Il regalo più bello arriva sempre in ritardo

Come mai la Premier League prevede un’intera giornata in occasione di Santo Stefano? Scopriamo la tradizione del Boxing Day che, a differenza di quanto si possa credere, non riguarda solo lo sport.

Fine

Siamo giunti alla fine di questo lunghissimo e terribile 2020. Un anno, per la maggior parte di noi, da cancellare completamente. Troppo grande il peso del dolore, dell’ansia e delle privazioni che grava sulle nostre teste e sui nostri cuori da ormai troppo tempo. Ci siamo dovuti adattare a questo improvviso cambiamento e la nostra vita precedente è stata ridotta (si spera solo per un po’) a un lumicino. Neanche il mondo del calcio si è salvato: andato in letargo per alcuni mesi, ha rinviato Europei e Copa America al prossimo anno, ha visto la resurrezione del suo Dio e ha salutato uno dei suoi sorrisi più belli. Ma, soprattutto, continua a vivere l’era più buia della sua storia, a causa dell’assenza del pubblico. Una componente essenziale, senza la quale lo sport non può sopravvivere.

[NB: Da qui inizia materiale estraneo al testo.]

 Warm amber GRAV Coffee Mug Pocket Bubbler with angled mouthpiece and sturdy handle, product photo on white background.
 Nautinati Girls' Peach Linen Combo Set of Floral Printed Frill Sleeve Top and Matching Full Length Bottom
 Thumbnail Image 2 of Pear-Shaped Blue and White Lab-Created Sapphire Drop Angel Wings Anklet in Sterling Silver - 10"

Per fortuna, a ridosso di queste festività, che per la prima volta (e incrociamo le dita affinché sia l’ultima) viviamo in un modo così inusuale, arrivano dei deboli segnali di speranza. Un fioco raggio di luce, proveniente dalla fine del tunnel, che dona un po’ di fiducia in vista dell’imminente 2021. Uno sprazzo di normalità; una buona notizia, che ci distrae dall’angoscia quotidiana.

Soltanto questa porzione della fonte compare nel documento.